-- TASK PROMPT --
The expected response is an exact repetition of every record, with images excluded.

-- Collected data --
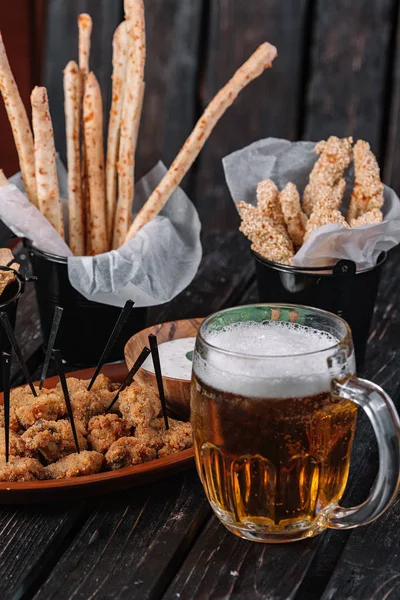 Kupa bira ve koyu ahşap arka plan snacks. Grisini, ızgara tavuk göğsü, pide cips, kızarmış tavuk Kalpler, sos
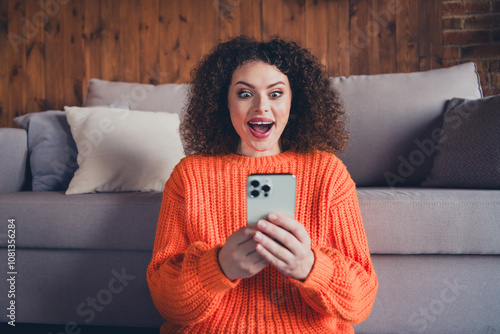 Portrait of nice young girl open mouth use smart phone wear orange sweater modern loft interior flat indoors photo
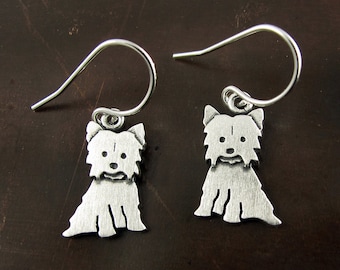 May include: A pair of silver-toned drop earrings featuring a flat, stylized silhouette of a Yorkshire Terrier dog. Each charm is suspended from a simple curved ear wire, showcasing a brushed metal finish with etched details defining the dog's face.
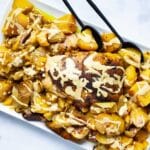 A beautiful dish with a whole chicken and potatoes topped with a healthy gravy.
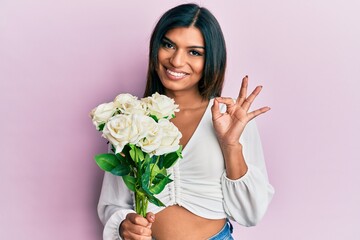 Young latin transsexual transgender woman holding flowers doing ok sign with fingers, smiling friendly gesturing excellent symbol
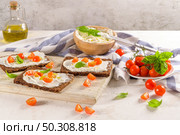 Rye bread bruschetta with cream cheese, olive oil and basil dip, cherry tomatoes, fresh basil leaves on wooden board. Стоковое фото, агентство Ingram Publishing / Фотобанк Лори
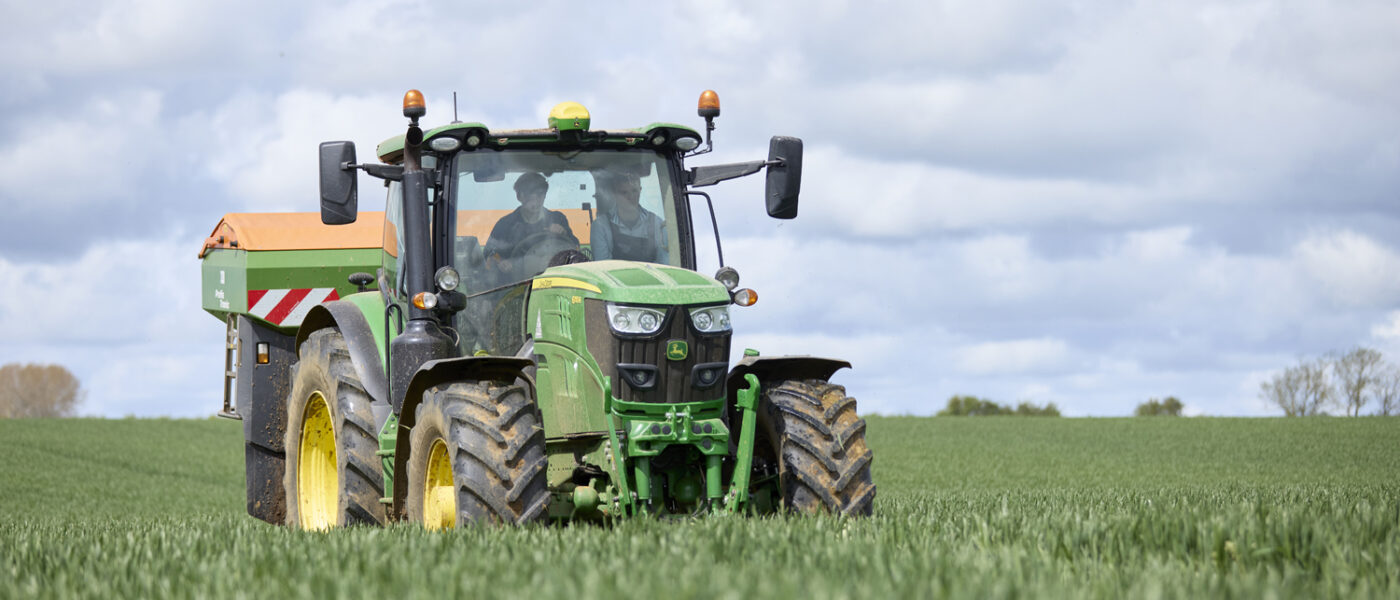 Two students driving a tractor in a field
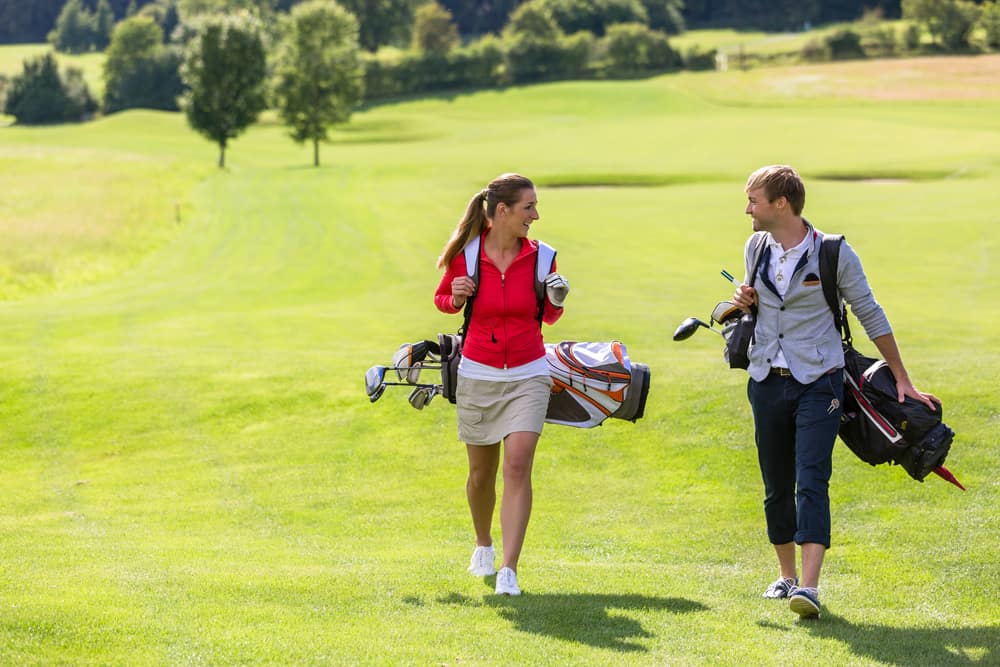 Couple carrying golf bag while walking on golf course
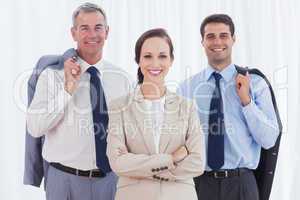 Businesswoman posing with her work team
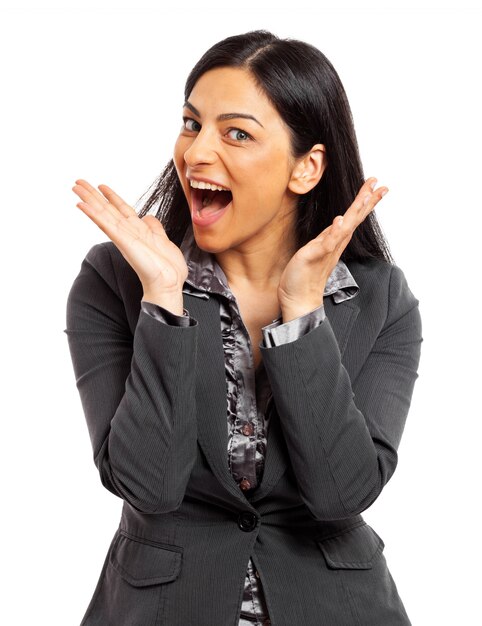 Photo portrait of a surprised young woman isolated on white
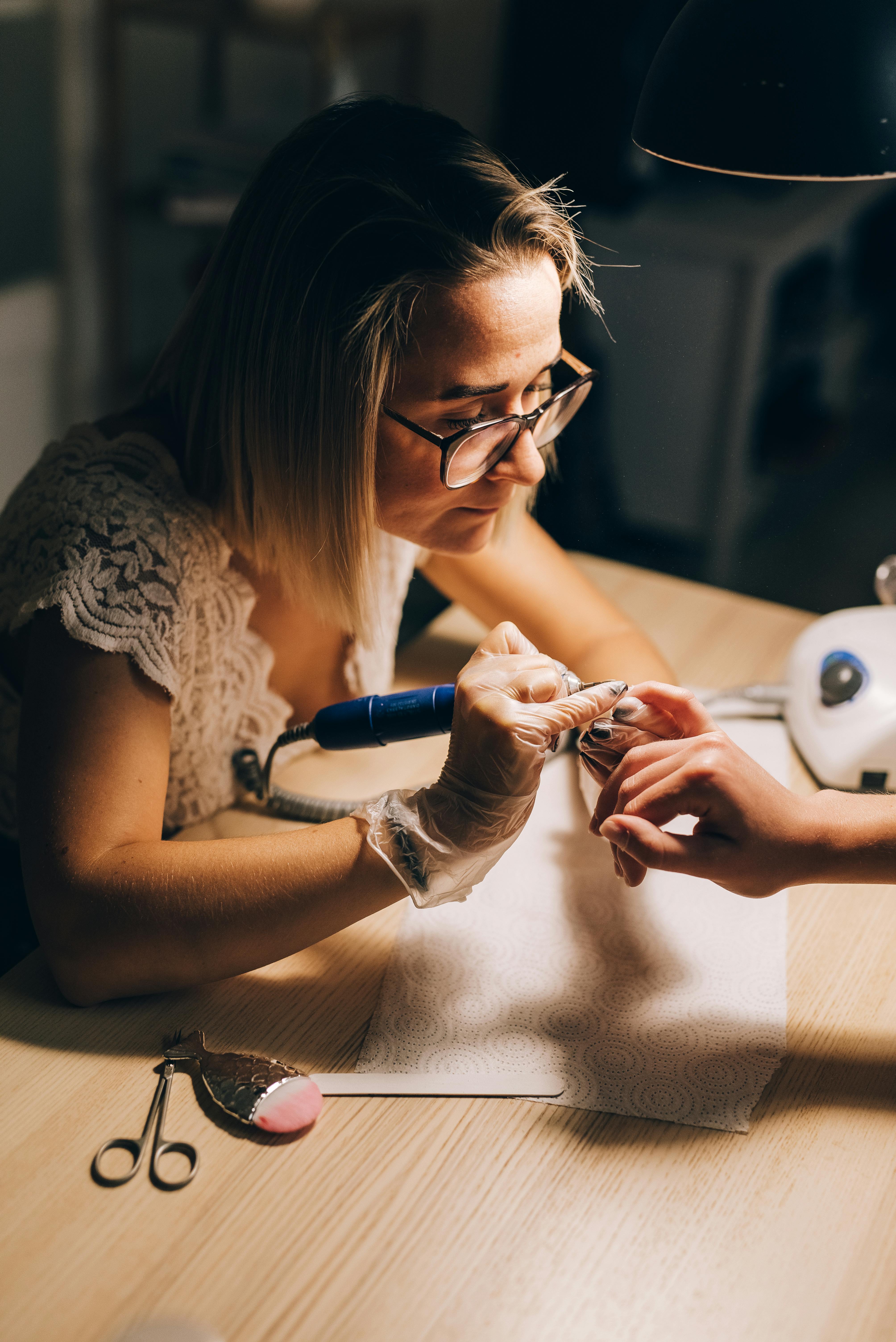 High angle of concentrated female master in glasses and gloves manicuring hand with drill of faceless client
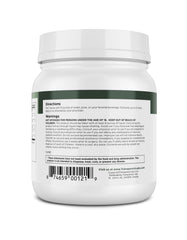Lifestyle image of a person mixing Prebiotic Greens for digestion support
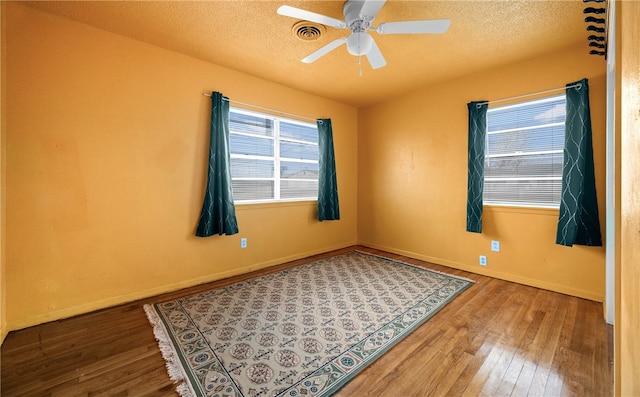 unfurnished room with hardwood / wood-style floors, ceiling fan, and a textured ceiling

-- FINISHED EXERCISE --
 Kupa bira ve koyu ahşap arka plan snacks. Grisini, ızgara tavuk göğsü, pide cips, kızarmış tavuk Kalpler, sos
 Portrait of nice young girl open mouth use smart phone wear orange sweater modern loft interior flat indoors photo
 May include: A pair of silver-toned drop earrings featuring a flat, stylized silhouette of a Yorkshire Terrier dog. Each charm is suspended from a simple curved ear wire, showcasing a brushed metal finish with etched details defining the dog's face.
 A beautiful dish with a whole chicken and potatoes topped with a healthy gravy.
 Young latin transsexual transgender woman holding flowers doing ok sign with fingers, smiling friendly gesturing excellent symbol
 Rye bread bruschetta with cream cheese, olive oil and basil dip, cherry tomatoes, fresh basil leaves on wooden board. Стоковое фото, агентство Ingram Publishing / Фотобанк Лори
 Two students driving a tractor in a field
 Couple carrying golf bag while walking on golf course
 Businesswoman posing with her work team
 Photo portrait of a surprised young woman isolated on white
 High angle of concentrated female master in glasses and gloves manicuring hand with drill of faceless client
Lifestyle image of a person mixing Prebiotic Greens for digestion support
 unfurnished room with hardwood / wood-style floors, ceiling fan, and a textured ceiling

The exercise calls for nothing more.